At HHS, the new interpretation announced Monday puts the agency in position to more aggressively investigate and enforce LBGTQ discrimination complaints.
"We are open for business," Robinsue Frohboese, acting director in the HHS Office for Civil Rights, said in an interview with NPR. "Ensuring the protections of individuals, of non-discrimination based on their gender identity and sexual orientation, is a critical part of our civil rights mission."
The Biden administration has yet to put forward a formal rule on this issue. Normally, federal agencies must follow a lengthy process for issuing new rules and regulations. The Trump administration's rule, which took effect in August, took about a year to finalize and is still technically on the books.
"This is a policy announcement by the administration to say that this is the way that they read the statute and the way that they'll enforce it — and they can begin doing that without a rule," said Valarie Blake, a law professor at West Virginia University. "But I anticipate that they'll promulgate a new rule anyway that gives a little more shape to what sex discrimination means."
Frohboese declined to say whether the agency is planning to propose a new rule, saying only that the administration is "actively considering" doing so.
The Trump-era rule was itself a reversal of an Obama-era executive action. The Trump administration had worked to define protections against sex discrimination throughout government to exclude LGBTQ people.
When that rule was finalized last year, LGBTQ people and advocates criticized the change, saying it could have a chilling effect on gay and transgender people seeking needed health care.
"Our mission as the Department of Health and Human Services is to enhance the health and well-being of all Americans, including LGBTQ individuals and everyone. Everyone needs access to health care. No one should be discriminated against in this. This change in rules and regulations will help us do that," said Dr. Rachel Levine, assistant secretary for health, who in March became the first openly transgender person to serve in a Senate-confirmed position.
Advocacy groups such as the ACLU and Lambda Legal applauded Monday's announcement but continued to push for a full rollback of the Trump administration's rule.
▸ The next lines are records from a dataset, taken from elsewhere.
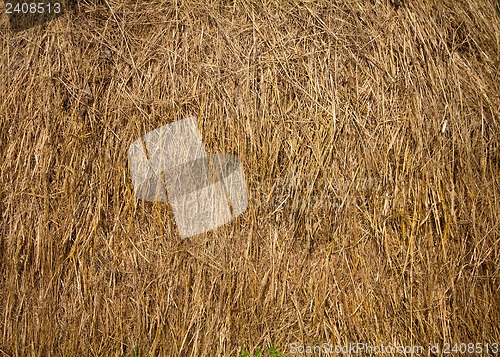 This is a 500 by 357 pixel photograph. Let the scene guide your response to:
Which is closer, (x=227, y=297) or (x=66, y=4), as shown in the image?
(x=227, y=297)

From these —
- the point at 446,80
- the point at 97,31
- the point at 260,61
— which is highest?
the point at 97,31

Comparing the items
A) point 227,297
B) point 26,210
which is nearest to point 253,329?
point 227,297

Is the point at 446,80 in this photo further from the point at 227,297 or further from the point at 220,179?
the point at 227,297

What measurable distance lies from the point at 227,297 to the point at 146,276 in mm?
371

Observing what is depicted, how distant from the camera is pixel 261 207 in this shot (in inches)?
73.3

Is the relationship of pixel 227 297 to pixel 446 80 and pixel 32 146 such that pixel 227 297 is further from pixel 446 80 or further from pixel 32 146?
pixel 446 80

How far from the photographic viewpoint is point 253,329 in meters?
1.86

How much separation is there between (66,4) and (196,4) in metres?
0.62

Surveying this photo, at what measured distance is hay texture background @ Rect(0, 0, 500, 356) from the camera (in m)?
1.86

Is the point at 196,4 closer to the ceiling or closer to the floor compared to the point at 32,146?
closer to the ceiling

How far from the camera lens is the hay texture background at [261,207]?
6.09 ft

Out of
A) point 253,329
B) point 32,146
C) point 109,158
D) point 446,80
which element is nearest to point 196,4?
point 109,158

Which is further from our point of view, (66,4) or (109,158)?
(66,4)

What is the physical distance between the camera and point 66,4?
1999 millimetres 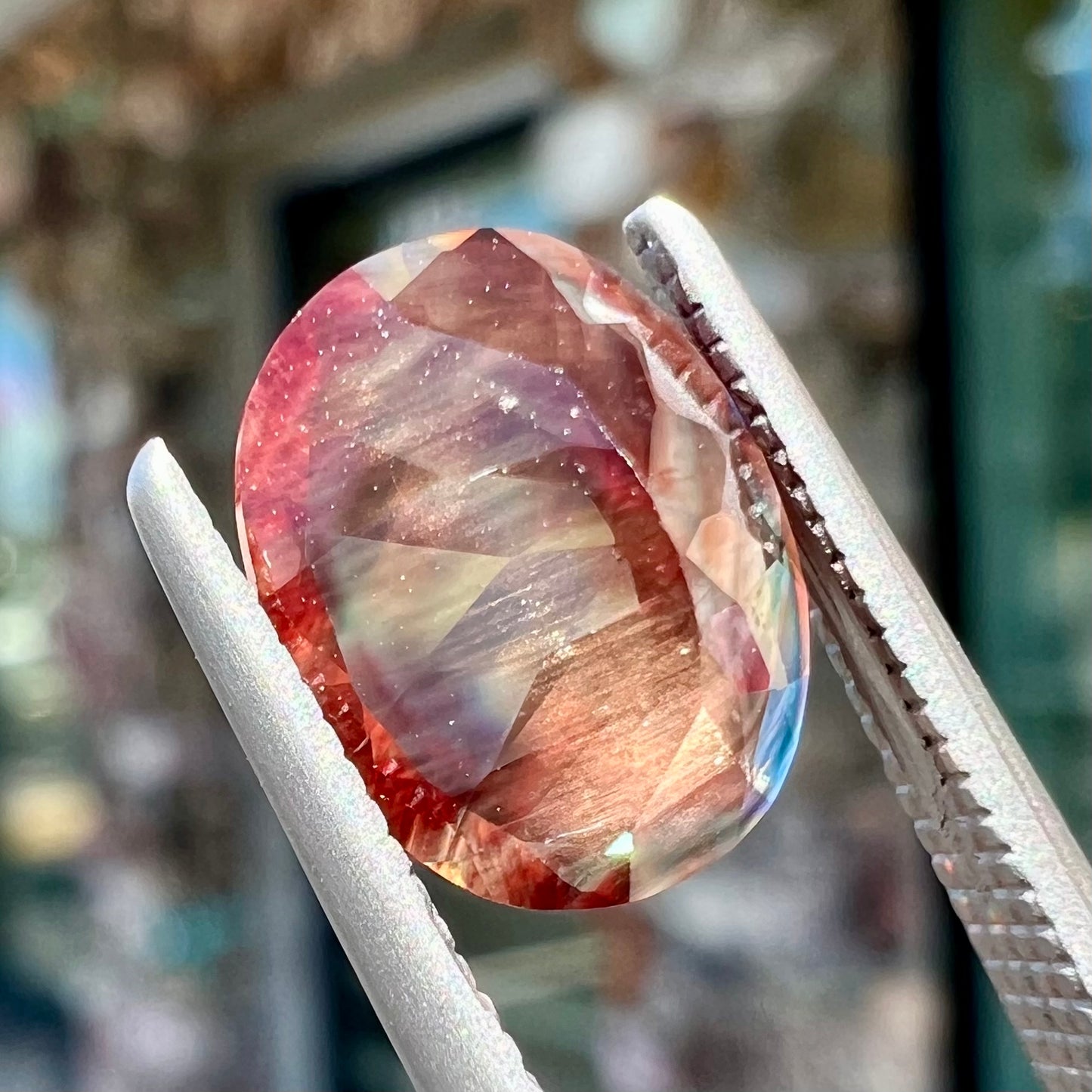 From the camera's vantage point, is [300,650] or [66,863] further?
[66,863]

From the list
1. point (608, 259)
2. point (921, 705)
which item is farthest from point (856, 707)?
point (608, 259)

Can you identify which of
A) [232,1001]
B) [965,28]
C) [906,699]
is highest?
[965,28]

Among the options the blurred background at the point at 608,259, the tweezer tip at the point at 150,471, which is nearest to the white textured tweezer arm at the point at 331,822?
the tweezer tip at the point at 150,471

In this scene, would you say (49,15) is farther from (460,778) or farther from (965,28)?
(460,778)

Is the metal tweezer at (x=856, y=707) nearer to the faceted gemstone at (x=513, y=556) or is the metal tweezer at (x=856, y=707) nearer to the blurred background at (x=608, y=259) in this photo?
the faceted gemstone at (x=513, y=556)

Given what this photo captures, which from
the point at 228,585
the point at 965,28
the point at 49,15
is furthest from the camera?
the point at 49,15

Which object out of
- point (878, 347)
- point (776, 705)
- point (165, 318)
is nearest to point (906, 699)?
point (776, 705)

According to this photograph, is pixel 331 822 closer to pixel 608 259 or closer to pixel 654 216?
pixel 654 216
In addition to limiting the definition of sex discrimination, the change under Trump included a number of other provisions, such as eliminating a requirement to include notice of nondiscrimination policies in multiple languages in health-related mailings and reducing the number of entities covered by the law's nondiscrimination provision.
"The significant step taken today is just one step in what is a long road to undo the undermining of health care protections for all people under the Trump administration," Omar Gonzalez-Pagan, an attorney with Lambda Legal, said in a statement.
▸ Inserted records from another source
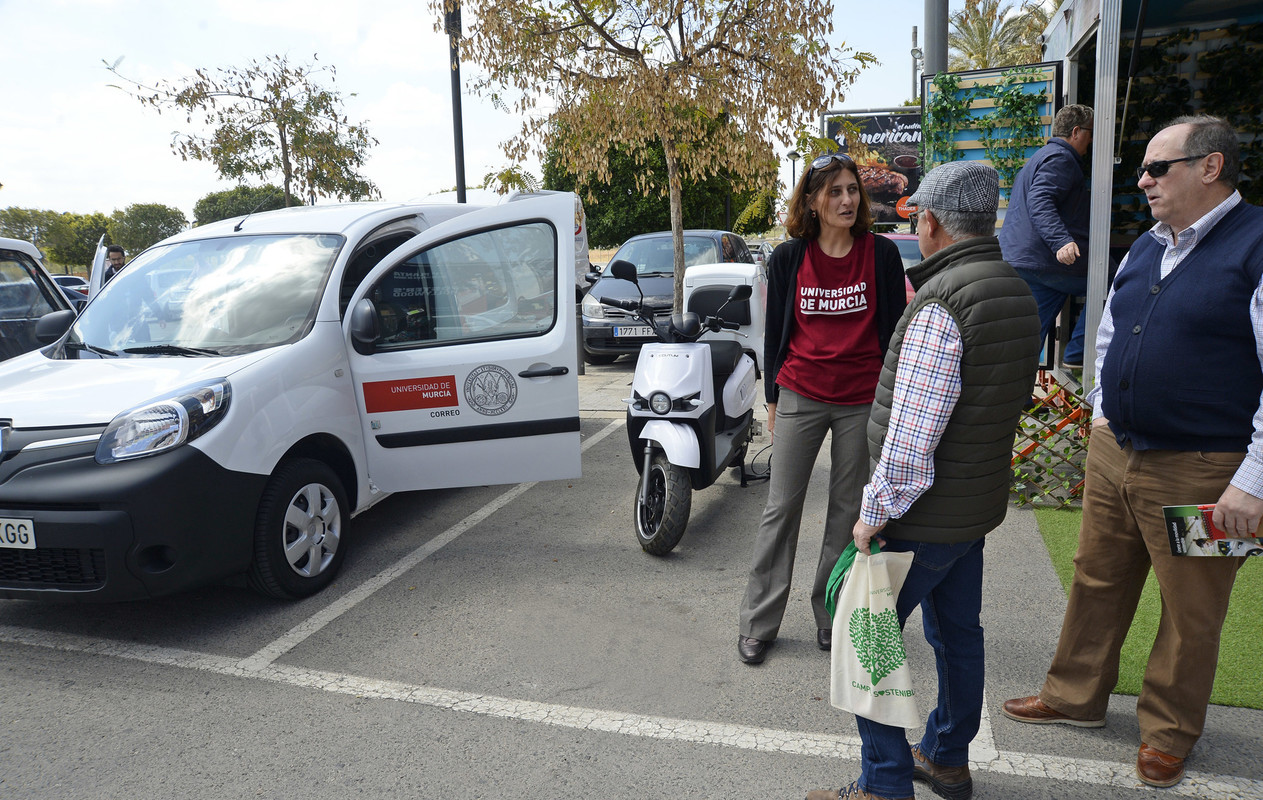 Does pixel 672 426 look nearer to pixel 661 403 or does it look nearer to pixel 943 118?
pixel 661 403

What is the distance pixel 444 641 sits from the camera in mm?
3725

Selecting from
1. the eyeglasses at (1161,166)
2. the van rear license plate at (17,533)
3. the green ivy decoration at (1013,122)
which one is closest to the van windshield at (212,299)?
the van rear license plate at (17,533)

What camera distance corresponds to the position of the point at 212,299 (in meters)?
4.45

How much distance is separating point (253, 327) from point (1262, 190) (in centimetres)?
783

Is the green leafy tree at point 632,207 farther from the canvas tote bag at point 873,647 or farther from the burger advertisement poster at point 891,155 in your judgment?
the canvas tote bag at point 873,647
The announcement from HHS comes as conservative state legislatures are working to enact a variety of bills targeting transgender people. Last month in Arkansas, legislators overrode Gov. Asa Hutchinson's veto to enact a new law banning doctors from providing gender-affirming medical care to transgender youth.
It was not immediately clear what legal effect the HHS announcement would have on the Arkansas legislation and other similar laws in the works across the country.
"I think that there'll need to be a significant legal analysis about how this guidance and this change in rules interacts with those laws," Levine told NPR.
In the meantime, hospitals and other health care providers in places such as Arkansas that rely heavily on federal funds may feel they are in a bind with competing legal directives about providing care to transgender youth, according to Blake.
"They have state law — with whatever penalty that might be — but breathing down their necks, they have federal regulators that can pull away their Medicare and Medicaid money," she said.